Items from a dataset
.....

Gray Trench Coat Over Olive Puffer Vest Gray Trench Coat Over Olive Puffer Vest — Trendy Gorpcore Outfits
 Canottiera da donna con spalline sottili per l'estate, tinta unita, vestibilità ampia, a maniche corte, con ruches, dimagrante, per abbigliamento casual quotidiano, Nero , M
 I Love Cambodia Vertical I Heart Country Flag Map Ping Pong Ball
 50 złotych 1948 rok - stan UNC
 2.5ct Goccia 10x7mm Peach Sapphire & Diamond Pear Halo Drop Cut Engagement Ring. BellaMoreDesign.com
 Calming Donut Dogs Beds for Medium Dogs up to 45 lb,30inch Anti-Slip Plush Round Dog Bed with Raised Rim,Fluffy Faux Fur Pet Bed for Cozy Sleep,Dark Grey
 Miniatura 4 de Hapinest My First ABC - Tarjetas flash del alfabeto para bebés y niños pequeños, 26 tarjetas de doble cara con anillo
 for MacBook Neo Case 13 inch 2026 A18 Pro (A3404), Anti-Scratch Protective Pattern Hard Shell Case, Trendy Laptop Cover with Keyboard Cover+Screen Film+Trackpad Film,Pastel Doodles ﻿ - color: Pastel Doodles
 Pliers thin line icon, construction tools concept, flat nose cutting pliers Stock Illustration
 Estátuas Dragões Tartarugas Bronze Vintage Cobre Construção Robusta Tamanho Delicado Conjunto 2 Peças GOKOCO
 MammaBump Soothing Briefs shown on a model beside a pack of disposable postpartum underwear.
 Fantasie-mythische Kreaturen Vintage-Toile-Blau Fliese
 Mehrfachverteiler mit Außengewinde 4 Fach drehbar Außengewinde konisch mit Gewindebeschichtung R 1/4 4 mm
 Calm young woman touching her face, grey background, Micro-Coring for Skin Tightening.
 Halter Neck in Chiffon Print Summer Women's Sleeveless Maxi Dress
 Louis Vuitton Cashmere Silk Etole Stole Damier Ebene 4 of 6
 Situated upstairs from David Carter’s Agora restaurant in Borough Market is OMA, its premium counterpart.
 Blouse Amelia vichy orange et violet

.....

Find the string "with" in the data. Report each line it appears in.

Your solution
 Calming Donut Dogs Beds for Medium Dogs up to 45 lb,30inch Anti-Slip Plush Round Dog Bed with Raised Rim,Fluffy Faux Fur Pet Bed for Cozy Sleep,Dark Grey
 for MacBook Neo Case 13 inch 2026 A18 Pro (A3404), Anti-Scratch Protective Pattern Hard Shell Case, Trendy Laptop Cover with Keyboard Cover+Screen Film+Trackpad Film,Pastel Doodles ﻿ - color: Pastel Doodles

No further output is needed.